Страница 44 из 44
Палочки теперь сами ложились в руку. Так уж получилось, что Ту провел в Москве времени гораздо больше, чем средний вьетнамский студент. То уезжая на родину, то вновь возвращаясь, он прошел через все этапы научной карьеры и окончательно покинул Москву доктором наук.
Искренне восхищаясь его кулинарным искусством, я попросил его научить и меня. Тем, чему я научился, я надеюсь поделиться с читателями нашего журнала хотя и не сейчас: не об этом разговор. Освоив искусство Ту, я стал угощать своих друзей и близких, а также детей вьетнамскими обедами. Они были вполне по карману молодому специалисту: посудите сами, в какой другой кухне можно накормить четырех человек сто пятьюдесятью граммами дешевого мяса, тремя луковицами и тремя морковками?

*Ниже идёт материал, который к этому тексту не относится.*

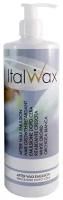 ItalWax лосьон-эмульсия после депиляции с замедлением роста волос Белая Орхидея (500 мл)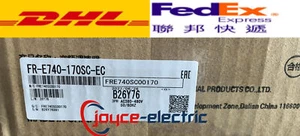 MITSUBISHI FR-E740-170SC-EC Inverter AC Drive 17A 7.5kW 10HP fast Shipping - Picture 1 of 3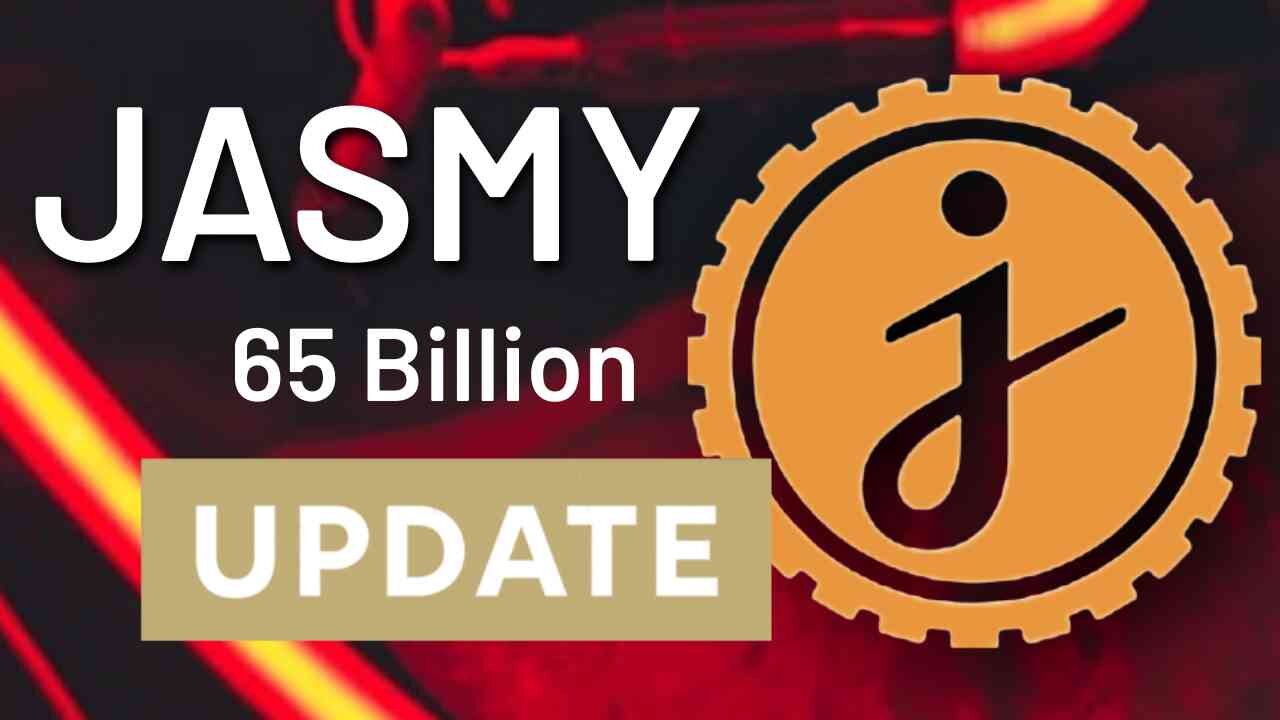 JASMY about to Pump!?? Bull Market Top & Daily Analysis! #jasmy #crypto #priceprediction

И, конечно, горсткой риса. Да так еще, что все остаются довольными.
Но при этом я ставил одно условие: только палочками! Ты с ума сошел, говорили мне, дай что-нибудь человеческое, хоть чайную ложку. Что это за обед журавля с лисицей!
Мой метод обучения прост и суров. Когда вы голодны, и вид блюд веселит глаза, а запах нос, но рядом с вами ничего, кроме палочек, вам ничего не остается, как научиться.
Дети это освоили просто и естественно. Потом у них родились свои дети, а те овладевали палочками одновременно с вилкой и ножом. И глядя на малышку, орудующую палочками не хуже внуков Шэн Цзянпина и Ле Суан Ту, я испытываю чувство глубокого удовлетворения. Интересно, умеют ли маленькие Ле и Шэн пользоваться европейскими приборами? Во всяком случае, всем им, надеюсь, не будет казаться единственно «человеческим» свое, привычное.
Кстати, девочку Ксению мы учили так, как посоветовал наш дорогой учитель Ту. Когда ей и ее закадычному сотрапезнику мальчику Косте было лет по четыре-пять, мы устроили соревнование. Перед детьми поставили по две пиалы, в одной лежало десять фасолин, и нужно было палочками переложить их в пустую. Следя друг за другом, дети взяли в руки палочки и первая же фасолина от спешки выскочила у обоих. А потом пошло. Свойственная мне объективность не позволяет сообщить, кто победил. Осталось научить их готовить, но для этого время еще есть.
И вообще за азиатским обедом мы помним слова уважаемого Ту и соблюдаем семь его указаний, данные им, когда он неоднократно руководил нами на месте.
Дорогой учитель Ту говорил:
1. Когда берешь из общего блюда, переверни палочки обратным концом.
2. Никогда не показывай, что ты голоден: ешь медленно, смакуя, как бы показывая хозяевам, что против таких яств не устоит и сытый. (Если в себе не уверен, поешь перед выходом из дому.)
3. Попробуй всего понемногу, потом сочетай самые разные блюда: горькое со сладким, горячее с холодным.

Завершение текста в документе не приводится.